‘No.’ She pulled her knees up to her chest and wrapped her arms around her legs. ‘He moved away. You know that from reading my diaries.’
‘You still could have contacted him.’
‘I know that now, but back then, I couldn’t. Whenever I’d start to get upset about him leaving, I’d tell myself it was only a few hundred miles away and that we’d write to each other and speak on the phone. That he’d come back to see his grandparents – it wasn’t like I’d never see him again. We’d spoken about it and promised to stay together until we could be together, you know? But when I’d lie in bed at night, I’d panic. It wasn’t just a few hundred miles. It was three thousand, eight hundred and thirty-seven. I’d looked it up in the library. I had Claire, but I didn’t know how I’d survive without him being there. Mum was losing herself in booze every night, and Peter went from being overbearing to acting like I didn’t exist at all.’
‘Okay,’ Adam said slowly, shaking his head. ‘But what does that have to do with—’
‘You know, this would be a lot easier if you just let me talk.’
‘Okay.’ He nodded and she exhaled loudly.

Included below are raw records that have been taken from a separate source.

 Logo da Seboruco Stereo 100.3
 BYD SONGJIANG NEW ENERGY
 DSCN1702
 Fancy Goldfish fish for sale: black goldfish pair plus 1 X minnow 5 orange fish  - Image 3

‘It took years for me to realise how angry I was back then. I hated Peter because he wasn’t my dad, and I made Mum’s life hell. I knew that with Richard gone, I’d have to spend every day dealing with the crap at home with nothing to look forward to and no one to make me feel better. He’d become the most important person in my life so quickly, and then, one day, he was just gone. I spoke to him on the phone the morning he left, and it was the last time I ever heard his voice. For all our intensity, it fizzled out almost straight away. For him, at least.
‘I used to sit by the phone every night, hoping he’d call. I’d stay up for as long as I could. New York is five hours behind, and I didn’t want to miss him when he called. But he never did. And just when I started to think he’d forgotten all about me, I got a postcard. It didn’t say very much, but for the first time since he’d left, I had a smile on my face. The world could have ended that day, and I wouldn’t have cared. I wrote back to him straight away. I was so fuelled on adrenalin that I can hardly even remember what I wrote now. That was the last contact we had.
‘Looking back, I can’t blame him. I mean, he’d just moved to one of the coolest cities on earth. He would have been making new friends and having fun, but I couldn’t see it like that at the time. All I knew was that it felt like my world had ended. I’d sit on my bed listening to music with tears streaming down my face, trying to understand what I’d done wrong – what was wrong with me. Why I wasn’t good enough to keep him interested even for a few weeks after being apart. I started to question whether I’d imagined how our relationship was.’
Adam nodded. He knew the feeling well. He might not have cried himself to sleep, but he’d asked himself the same questions since he proposed.
‘I went wild after that,’ Sarah continued. ‘There’s a whole chunk of time where I can barely remember anything. I’d go out, even when I had nowhere to go, and I started drinking. I put everyone through hell – Mum, Claire, even Peter. I’d go to school, bunk off for most of the day and come home drunk and stoned, way past my curfew. I was a nightmare, and I knew I was taking things too far, but I couldn’t stop. I was so blinded by how I felt that nothing else mattered. Even Claire couldn’t get through to me. We’d become so close, but I just wasn’t interested in what she had to say.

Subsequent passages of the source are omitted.